The choice of equalization current directly affects the performance of the charger.
High current results in high overall heat generation and poor operational stability of the charger. Low current results in limited voltage and speed adjustment. Through repeated testing, the optimal balance between adjustment capability and heat generation was achieved when Iequ≈0.1Icharge.

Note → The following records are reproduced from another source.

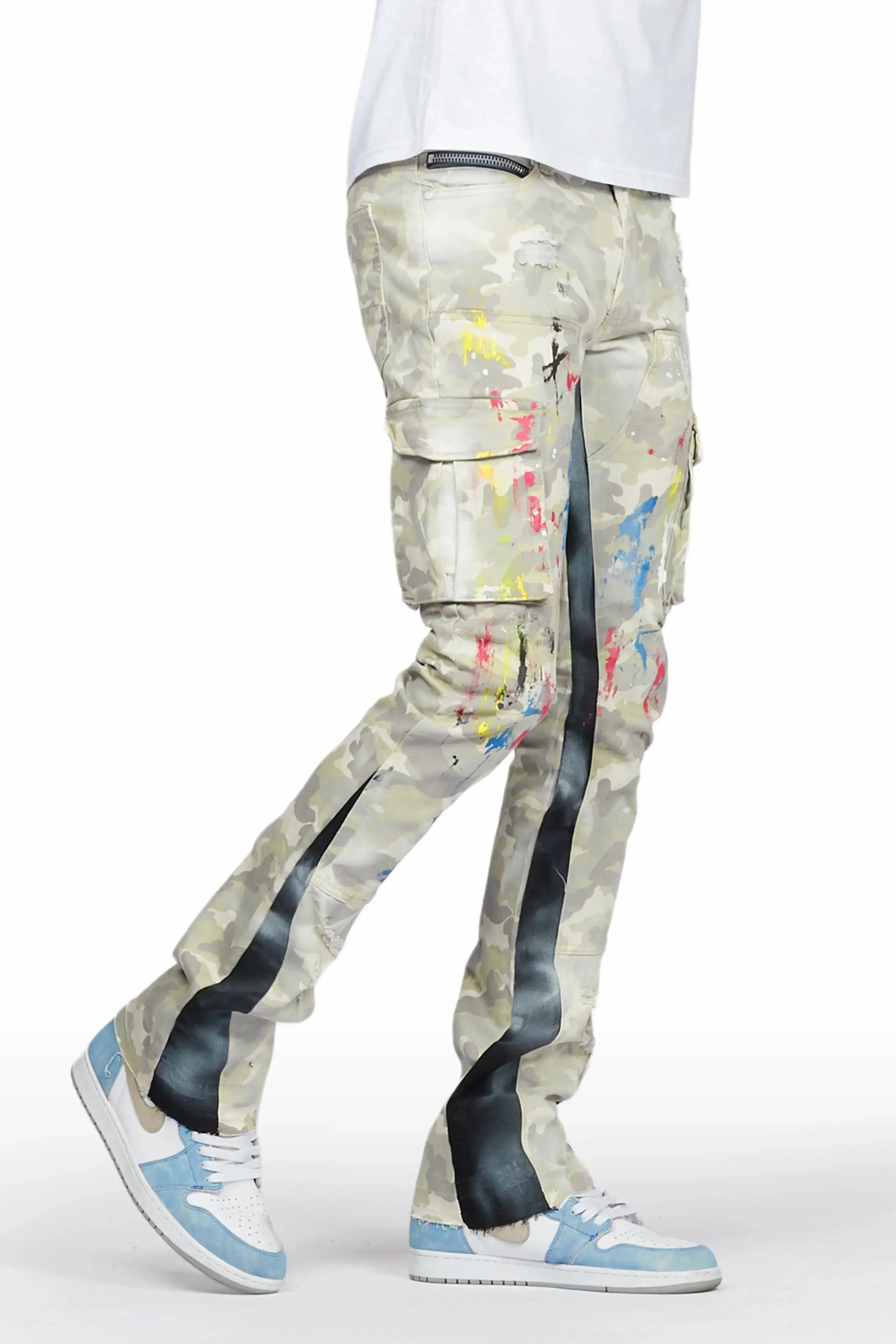 Neal Light Camo Painter Stacked Flare Jean sold by Rockstar Original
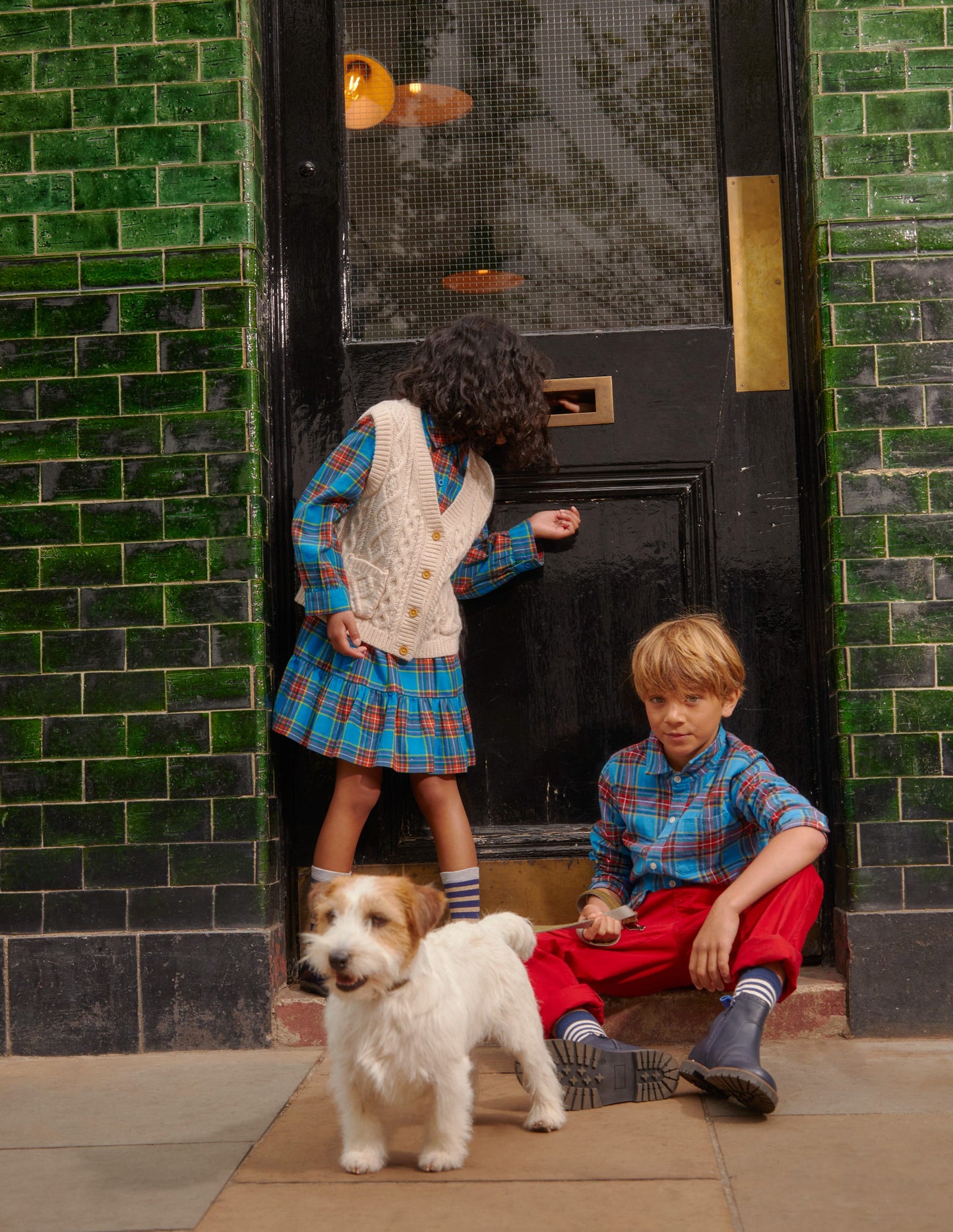 Brushed Flannel Shirt-Blue / Red Check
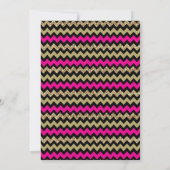 Hot Pink & Gold Glitter Chevron New Years Party Kaart (Achterkant)
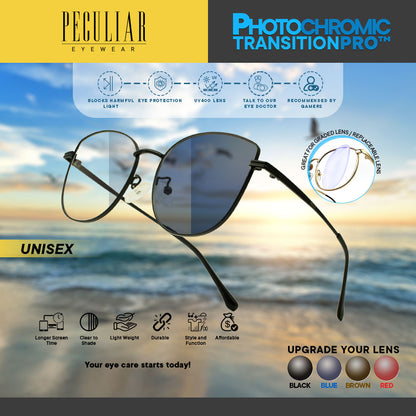 Peculiar ANA Cat Eye Stainless Steel Frame Anti Radiation Glasses UV400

Since the Ubat voltage range is 3~4V during charging, the nominal capacity of the rechargeable battery is 2000mAh, and the maximum charging current is 2A, R4 chooses to connect two 47Ω resistors in parallel.
Conclusion
Due to differences in manufacturing processes and operating environments among individual lithium-ion batteries, imbalances can occur during series charging of lithium-ion battery packs. A power-saving lithium-ion battery pack equalizer designed using a partial shunt method effectively addresses this charging imbalance. It effectively prevents overcharging, improves the safety of lithium-ion battery use, increases the charging capacity of the battery pack, and extends its lifespan. Through repeated experiments, optimal parameters were selected, and heat generation was controlled, ensuring the charger's long-term stable operation. The design process fully considered the needs of actual manufacturing. While ensuring practicality and reliability, the design was simplified, commonly used components were selected, and the cost-effectiveness was improved, demonstrating promising application prospects.